A Rust proc-macro crate which derives functions to compile and parse back enums and structs to and from a bytecode representation

Overview

Bytecode

A simple way to derive bytecode for you Enums and Structs.

What is this

This is a crate that provides a proc macro which will derive bytecode representation of your enums and structs, and provides compile and parse functions to convert to and from the bytecode. This also provides necessary traits to do so, in case you want to do it manually.

Note : The values of the fields are compiled as little-endian values, so in the bytecode the smallest byte is at smallest location. The bytecode itself is Big-endian for certain reasons.

Example

Cargo.toml

...
[dependencies]
...
bytecode = {git = "https://github.com/YJDoc2/Bytecode" }
...

Code

use bytecode::{Bytecodable, Bytecode};

#[derive(Bytecode, Debug, PartialEq, Eq)]
pub enum Register {
    AX,
    BX,
    CX,
    DX,
}

#[derive(Bytecode, Debug, PartialEq, Eq)]
pub struct Mem {
    segment: Register,
    offset: Register,
    imOffset: u16,
}

#[derive(Bytecode, Debug, PartialEq, Eq)]
pub enum Opcode {
    Hlt,
    Nop,
    Add(Register, Register),
    AddI(Register, u16),
    AddM(Register, Mem),
}

fn main() {
    let op1 = Opcode::AddI(Register::AX, 57);
    let compiled = op1.compile();

    // This is for the example,
    // actually you might use parse on a already compiled
    // values, to parse them back into the enum variant
    let bytes = [4, 2, 1, 3, 0x75, 0x00];
    let op2 = Opcode::parse(&bytes);
    let op2_test = Opcode::AddM(
        Register::CX,
        Mem {
            segment: Register::BX,
            offset: Register::DX,
            imOffset: 0x0075,
        },
    );
    assert!(op2 == Ok((op2_test, 6)));
}

Bytecodable Trait

This crate also exposes the bytecodable trait, which is used to implement the compile and parse functions. In case it is required, you can implement this by yourself for your own structs/enums.

pub trait Bytecodable{
    /// This function compiles the value to its bytecode representation.
    /// It should return a Vec<u8> containing the bytecode of the value.
    fn compile(&self)->Vec<u8>;

    /// This function parses a u8 slice reference to the value, and
    /// returns a result :
    /// Ok with the parsed value and how many bytes were consumed to parse it
    /// Err with the BytecodeError
    fn parse(&[u8])-> Result<(Self,usize),BytecodeError>;
}

Use case

This shows why and when you would use this. To see how to use this, see the example section.
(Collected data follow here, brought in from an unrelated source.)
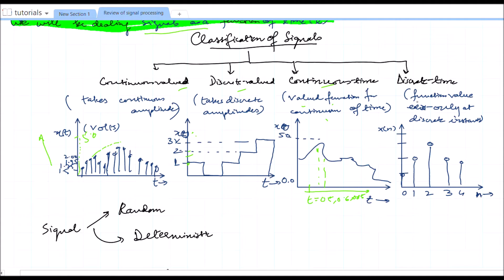A discrete time signal is a function for which the value exists only at discrete instances. Between t = 0 and t = 1, the function is simply undefined — not zero, but undefined. Likewise, between 1 and 2, it is undefined. We have signal amplitudes defined only for instances 0, 1, 2, and so on. This is a discrete time signal; it depends on n, where n is the instant.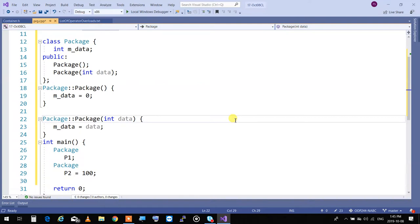At line 28, when I create a Package and initialize it to 100, the one-argument constructor is called, data is passed in, and mdata becomes 100. My question is: is mdata being initialized to 100 and zero in those two constructors, or is it being set to 100 and zero? The answer is they are being set, not initialized. That means mdata is first going to get created with garbage in it, and then when the constructor is invoked it will be overwritten.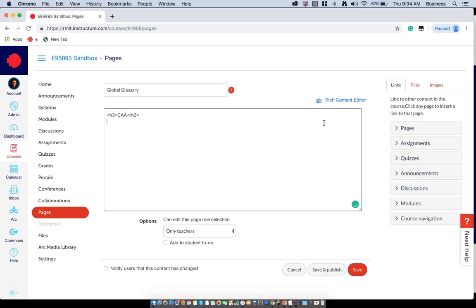We're going to put in the definition which will be enclosed in a P tag. So it'll be computer assisted accounting.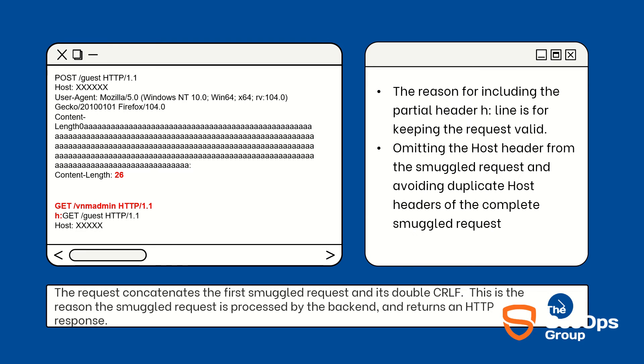And it will pass the Content-Length: 0 and the second request whatever we have passed. Now we will update the Content-Length to 26. Why Content-Length 26? The GET /vnm-admin request with H header count is 26. As you can see in the red text, this count is 26. Don't forget to mention CRLF \r and \n.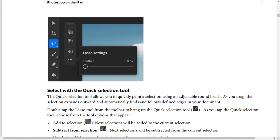The quick selection tool allows you to quickly build a selection using an adjustable round brush. As you drag, the selection expands outward and automatically finds and follows defined edges in your document. Double-tap the lasso tool from the toolbar to bring up the quick selection tool.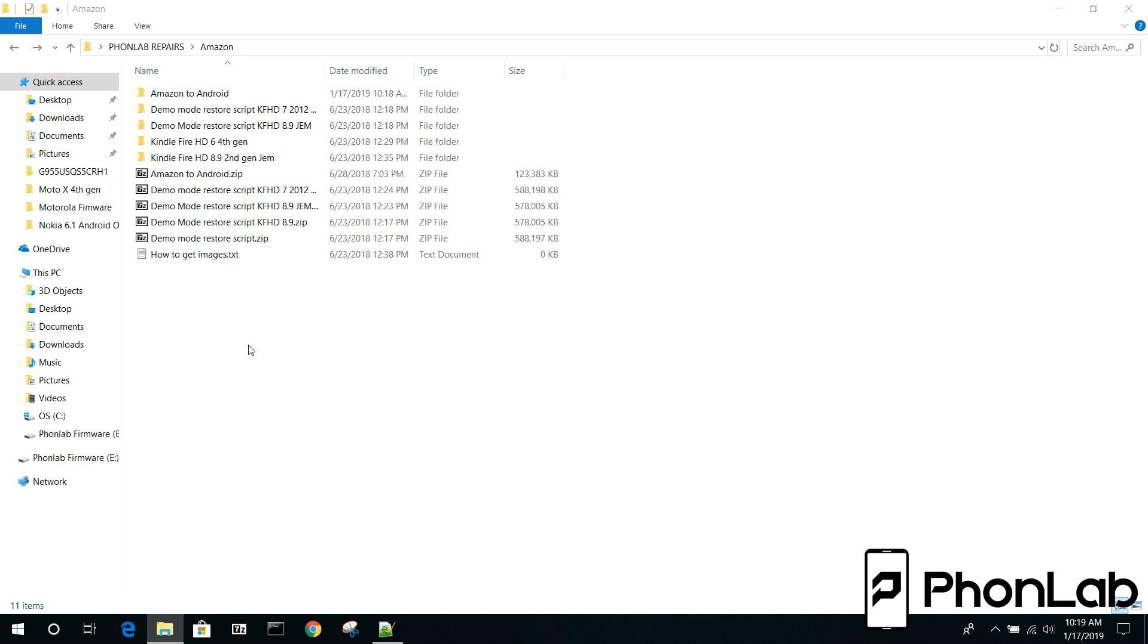How's it going guys? It's Root Junkie here and in today's video we're going to be talking about batch files. Now I've written tons of these for PhoneLab quite a lot.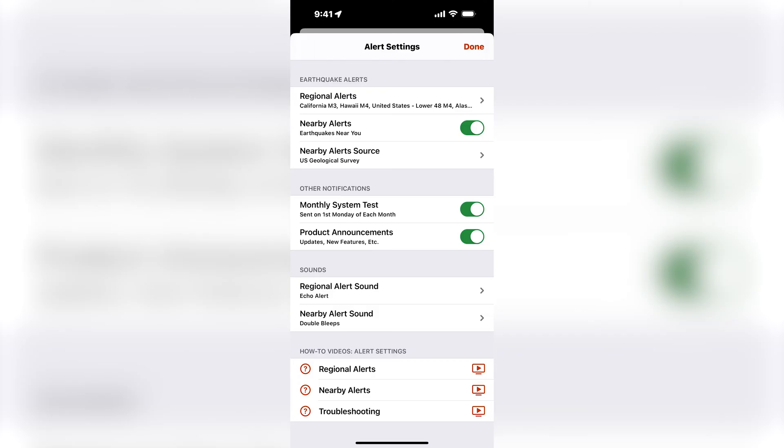To protect your privacy, your device location is approximated within a 10 km by 10 km square. If you do not wish to receive these alerts, you can simply turn this switch off to disable this feature.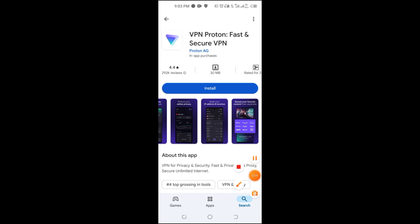To get started, visit the Google Play Store, search for your chosen VPN, install the app, and follow the setup instructions. Most VPNs require just a few taps to connect and protect your device.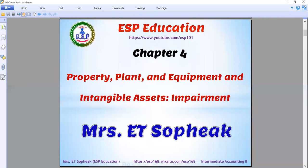This is the 4th of the property plan. Intangible asset. This is the 5th of the property plan.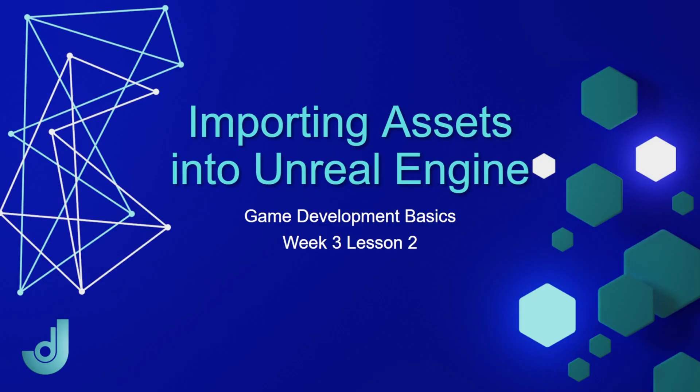Welcome to my course, Game Development Basics, Week 3, Lesson 2, Importing Assets into Unreal Engine.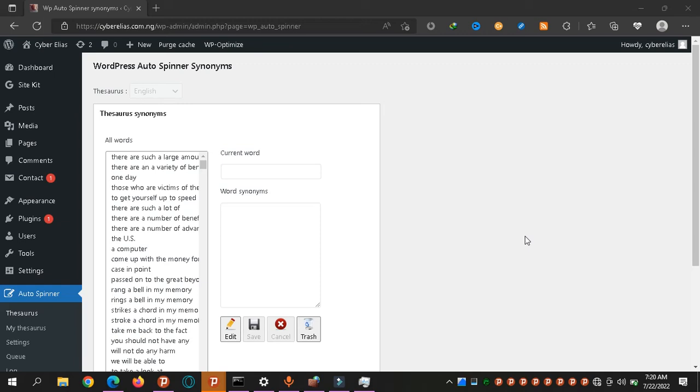Welcome back to my YouTube channel. Today I'll be showing you how to use an auto blogging spinner. There is a free plugin called WordPress Auto Spinner.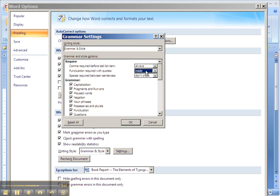But in the United States, the standard since the time of Benjamin Franklin at least has been to put the punctuation, commas and periods, always inside quotation marks.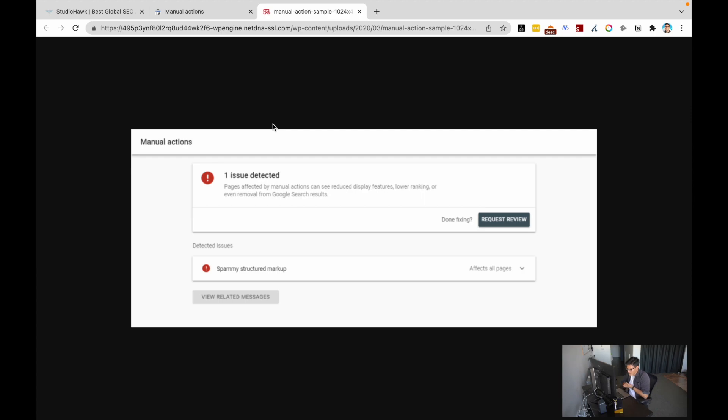In this case, the detected issue is spammy structured markup. Perhaps the person working on the website is putting some structured markup or schema markup that's not right, or maybe the intention was to manipulate Google's search engine results — definitely not the right approach with SEO. Make sure you're doing everything under Google's guidelines and you should be fine.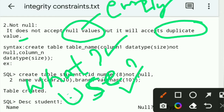What is NOT NULL? NOT NULL does not accept NULL values. But it will accept duplicate values.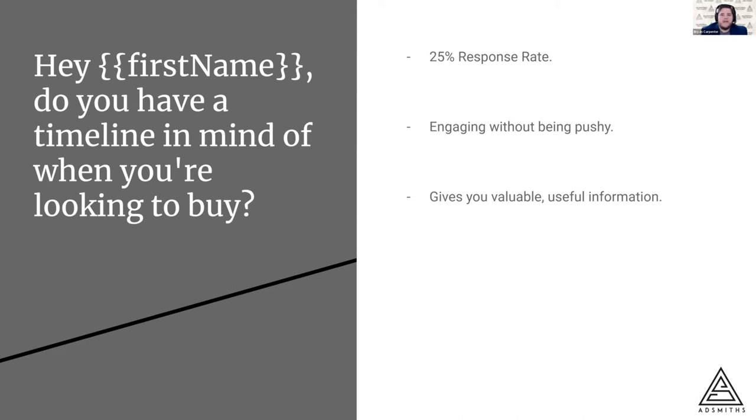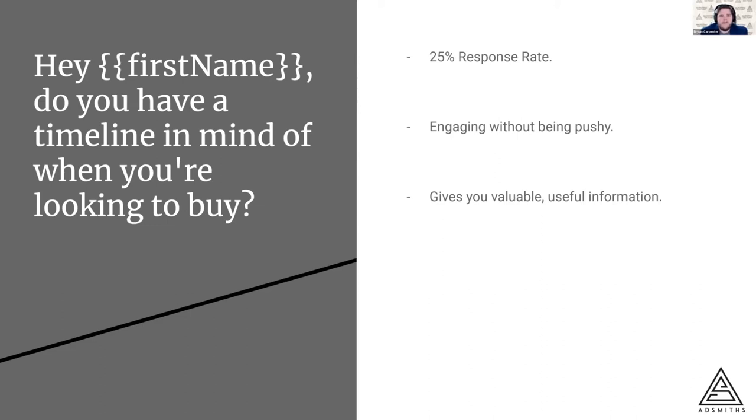What that message does is engage them without being pushy. You're not talking about money. You're not talking about credit or down payment or how much they want to borrow. You're simply asking them, hey, when are you looking to buy? What's your timeline for that?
Consider that you are writing a VM, or an interpreter, and you want to have a opcode-like representation of your instructions. A good way to do this would be using an Enum to represent the instructions, with the parameters of the instruction as the enum fields. So it would be something like this :

pub enum Register{
    AX,
    BX,
    ...
}

pub enum Opcode{
    Nop,
    Hlt,
    Add(Register,Register),
    AddI(Register,u16),
    ...
}

Now that you have done the representation, you can directly use it as an IR, where you target your language to this Enum variants, and the iterate over the list, and taking actions as per the variant.

But if you are making a low level emulator, where you need to store the opcodes as values in memory, or you want to store this representation as a compiled file, you will need to make a bytecode representation of this Enum. In the simplest way, this would mean assigning a value to each enum variant, and to each of enum field, and write functions to manually compile the enum values to u8 array, and parse from u8 array back to enum field. It would be something like this

impl Register{
    ...
    fn compile(&self)->Vec<u8>{
        match self{
            Register::AX => vec![0],
            Register::BX => vec![1],
            ...
        }
    }
    fn parse(bytes:&[u8])->Result<Self,&str>{
        match bytes[0]{
            1 => Ok(Register::AX),
            2 => Ok(Register::BX),
            ...
            _ => Err("Invalid opcode")
        }
    }
    ...
}

impl Opcode{
    ...
    fn compile(&self)->Vec<u8>{
        match self{
            Opcode::Nop => vec![0],
            Opcode::Hlt => vec![1],
            Opcode::Add(r1,r2) => {
                let mut v = Vec::with_capacity(2);
                v.extend(&r1.compile());
                v.extend(&r2.compile());
                v
            }
            Opcode::AddI(r1,v1) =>{
                let mut v = Vec::with_capacity(3);
                v.extend(&r1.compile());
                v.extend(&v1.to_le_bytes());
                v
            }
            ...
        }
    }
    fn parse(bytes:&[u8])->Result<Self,&str>{
        match bytes[0]{
            1 => Ok(Opcode::Nop),
            2 => Ok(Opcode::Hlt),
            3 =>{
                let r1 = Register::parse(&bytes[1..])?;
                ...
            }
            ...
            _ => Err("Invalid opcode")
        }
    }
}

Now consider doing this for even 25-ish opcodes, which is roughly the minimum amount you might need for a small instruction set. For a more complex instruction set, you will need to do this for about 100+ instructions, and then for each field value of individual variant, like Register in this example. This will get tedious, potentially error prone, and quite boring, moving focus from building a VM / interpreter which is your original intention to writing these functions.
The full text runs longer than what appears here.